On this occasion—I believe I have already mentioned the episode—I got a double dose of it, for I mistook the hour, and consequently arrived much too soon.
The rendezvous was in the immediate vicinity of that filthy river, the Hooghly, on whose turbid bosom floated various carcases in every stage of decomposition; crows perched on the putrid remains of defunct Hindoos, digging their beaks into the more tender corners; while some of the bodies became entangled in ships’ cables, and not a few were washed ashore on to the black ooze that covered the banks. But for the intervention of tobacco, I should have been poisoned. Courtesy has compelled me to give Calcutta its popular title; but the “City of Sepulchres” would have been far more appropriate.

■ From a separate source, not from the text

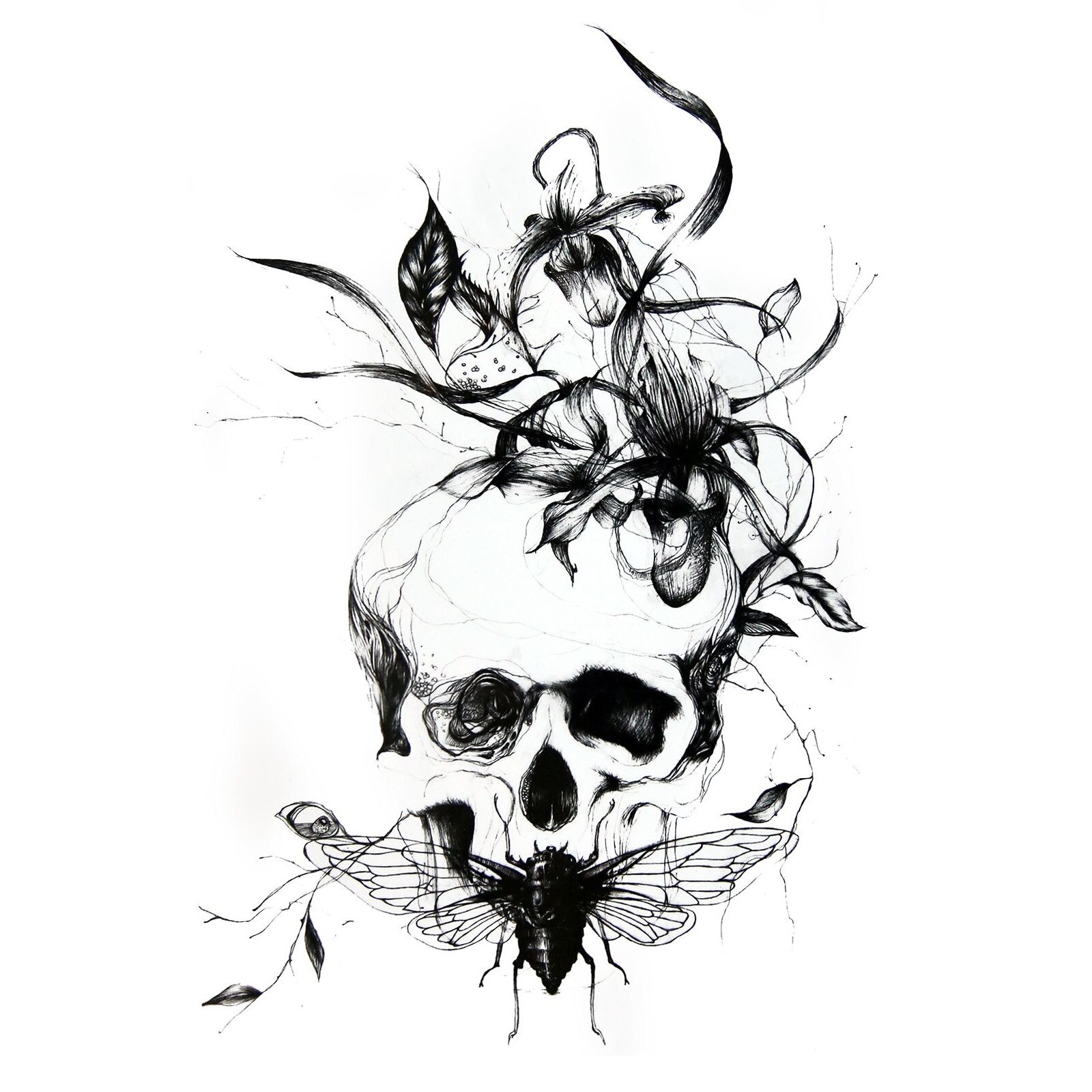 Tatuaj temporar, Flash Tattoos Romania, Memento Mori, rezistent la apa, aplicare rapida, 15x21 cm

The somewhat ambitious plan which I now had in view was to visit the various places of interest on the eastern side of the Bay of Bengal as low as Singapore; then to cross to Ceylon, and thence to Madras and the far-famed Neilgherry Hills, and, lastly, back to—purgatory! Man can, however, but propose; and I was doomed to accomplish not more than one-third of the distance. The ebb had evidently set against me, and seemed inclined to have a long innings. It is hard work pulling against it year after year; the eternal fitness of things seems deranged; and but for the hope which “springs eternal,” how many more would give up the struggle!
But even here the wind was somewhat tempered to the fleeced human animal, for I started in ignorance, and a measure of compensation was vouchsafed me, as much, I suppose, as I deserved.

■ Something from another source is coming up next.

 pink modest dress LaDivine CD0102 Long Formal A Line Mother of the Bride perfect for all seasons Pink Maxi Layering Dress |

Well-remembered places hove in sight as we steamed down the river at a rapid pace and once more imbibed a draught of sea-air. The bay, although quieting down after the storms of the monsoon, was still much too lively for indifferent sailors, few of whom put in any appearance on deck, and fewer still at the festive cuddy.
The first port we touched at was Akyab, celebrated for its capacious harbour and extensive rice-fields. Backed as it is by hills of considerable altitude, which were clothed at this season in their richest verdure, the approach to the port was exceedingly picturesque, and the effects of the alternating lights were particularly beautiful as the clouds passed across the sun, and a hill enveloped in the gloomiest shade would of a sudden burst into a splendour of emerald green. Further down, the hills abutted on the sea, which broke against them with great force, displaying thereby a line of foam of terrible import to any vessel that should be unfortunate enough to get stranded there.
The harbour, which would contain several European fleets combined, is approached by a deep, yet narrow entrance between two perpendicular rocks, necessitating cautious steering by steam, and still more careful handling of a vessel under canvas. This passed, it suddenly expands into a sort of lake; on a very small scale, Lulworth Cove on the Dorset coast, between Bournemouth and Weymouth, somewhat reminds me of it.
The bungalows, each surrounded by its garden, were arranged from the rock along the shore, and the plantations were at the zenith of their beauty. There were but few vessels riding in the harbour, which would, however, ere long, be crowded by the vessels that convey thousands of tons of rice to all parts of the world.
Some of the residents showed us over the place as far as that part of the promontory known as “Scandal Point,” from its being the spot most in favour with the residents, who would assemble there of an evening to enjoy the breeze and a cigar, and gossip about things in general. They seemed for the most part bright and cheerful; and in spite of their isolation, their existence amid such surroundings, with good shooting in the neighbourhood and good fishing in the harbour, must have been tolerable.